* [EXERCISE DESCRIPTION] The entries follow. Copy every line in which "click" appears.

======== RECORDS SUPPLIED ========

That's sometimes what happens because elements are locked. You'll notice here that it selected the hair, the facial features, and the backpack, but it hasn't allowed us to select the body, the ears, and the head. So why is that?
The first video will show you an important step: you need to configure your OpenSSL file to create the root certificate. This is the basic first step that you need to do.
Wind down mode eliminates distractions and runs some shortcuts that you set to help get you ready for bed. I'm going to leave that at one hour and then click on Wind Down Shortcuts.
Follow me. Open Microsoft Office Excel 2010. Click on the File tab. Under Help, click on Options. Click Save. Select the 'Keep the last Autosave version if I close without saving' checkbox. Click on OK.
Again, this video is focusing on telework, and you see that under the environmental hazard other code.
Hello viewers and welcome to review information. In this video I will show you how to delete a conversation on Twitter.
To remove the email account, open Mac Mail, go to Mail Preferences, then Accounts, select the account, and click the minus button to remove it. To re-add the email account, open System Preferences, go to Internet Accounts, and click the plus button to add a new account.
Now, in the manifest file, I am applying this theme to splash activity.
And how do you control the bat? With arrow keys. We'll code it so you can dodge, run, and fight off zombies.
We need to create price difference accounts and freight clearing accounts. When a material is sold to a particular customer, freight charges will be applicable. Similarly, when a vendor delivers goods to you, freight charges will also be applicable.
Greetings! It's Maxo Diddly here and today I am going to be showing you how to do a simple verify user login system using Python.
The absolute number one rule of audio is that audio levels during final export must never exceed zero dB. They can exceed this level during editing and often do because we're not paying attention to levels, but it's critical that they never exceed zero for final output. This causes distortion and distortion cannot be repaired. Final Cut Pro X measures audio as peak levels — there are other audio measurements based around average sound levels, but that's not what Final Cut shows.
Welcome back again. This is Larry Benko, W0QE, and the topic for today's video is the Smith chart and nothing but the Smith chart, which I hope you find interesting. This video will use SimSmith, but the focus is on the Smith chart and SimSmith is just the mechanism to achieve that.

========

* [YOUR RESPONSE]
Wind down mode eliminates distractions and runs some shortcuts that you set to help get you ready for bed. I'm going to leave that at one hour and then click on Wind Down Shortcuts.
Follow me. Open Microsoft Office Excel 2010. Click on the File tab. Under Help, click on Options. Click Save. Select the 'Keep the last Autosave version if I close without saving' checkbox. Click on OK.
To remove the email account, open Mac Mail, go to Mail Preferences, then Accounts, select the account, and click the minus button to remove it. To re-add the email account, open System Preferences, go to Internet Accounts, and click the plus button to add a new account.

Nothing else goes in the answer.